Scoopt aims to take advantage of the huge proliferation of digital cameras and camera phones, to broker professional syndication deals between 'right-place-right-time' amateur photographers and newspaper picture desks.

It might seem horrendously opportunistic, given recent events in London, but the site was actually registered back in April, so things have obviously been in the pipeline for a while. The service originally "soft launched" on 4 July, but for rather obvious reasons, kept a fairly low profile immediately after this.

Still, the site's founder does note the importance of amateur photography in the unfolding coverage of the attacks on London:

"The shocking events in London on 7th and 21st July brought citizen journalism into sudden, sharp focus, demonstrating once and for all that images taken by members of the public can be startling and evocative," says Kyle McRae. "Citizen journalism is here to stay and set to change the nature of news."

Apart from dubbing it Citizen Journalism, which for some reason has made all of us wage-slaves at el Reg feel a little less special, we think we know what he means.
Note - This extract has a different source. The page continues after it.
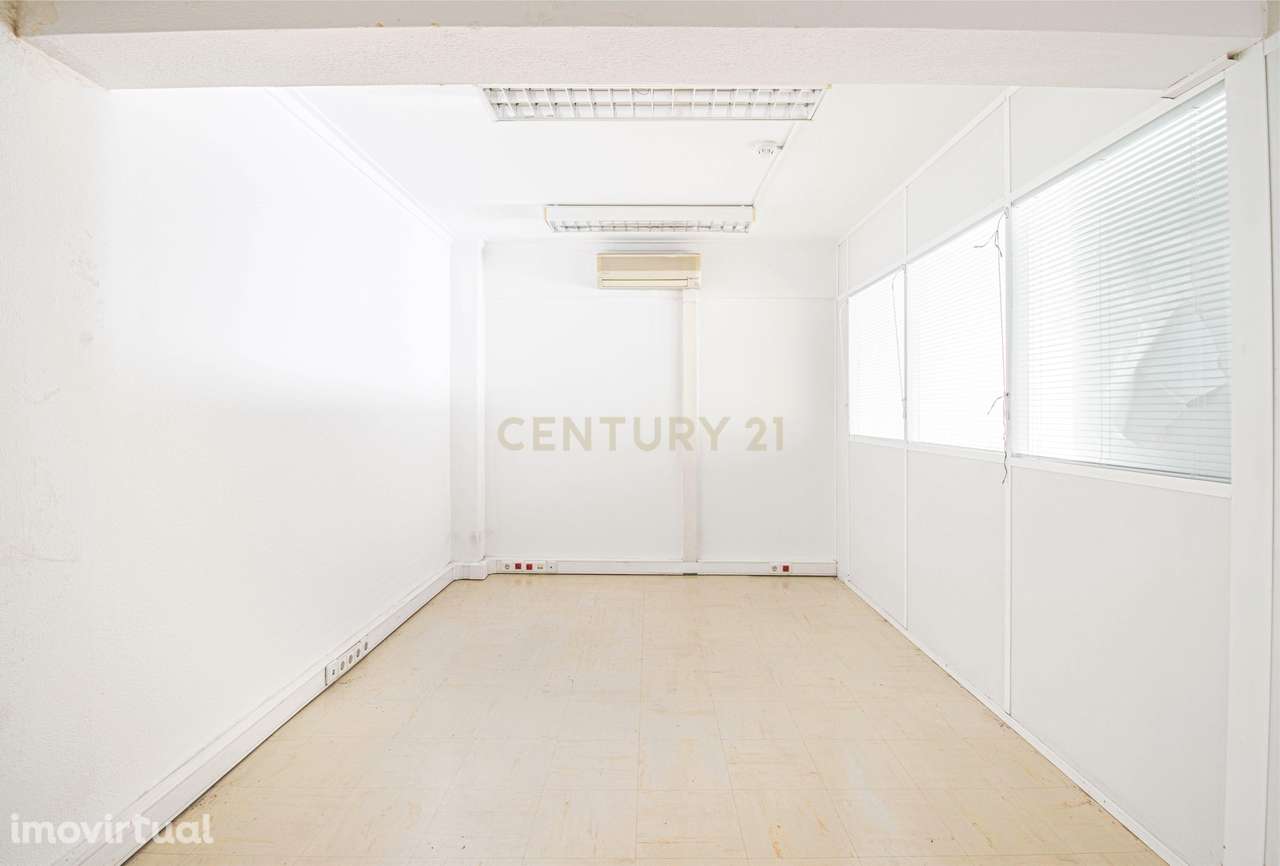 Espaço Comercial de 360m² em Odivelas | Ideal para Clínica, Escritório - Grande imagem: 3/31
The service works as follows: Scoopt members own the copyright to their photographs, and will be paid 50 per cent of each and every licensing and syndication deal. Scoopt asks members to agree to a three month exclusive license of the picture, to allow them to negotiate the best possible deal.

It says this approach is in direct contrast to signing over universal copyright in exchange for a one-off flat fee, which is what usually happens when a member of the public tries to sell directly to a picture desk.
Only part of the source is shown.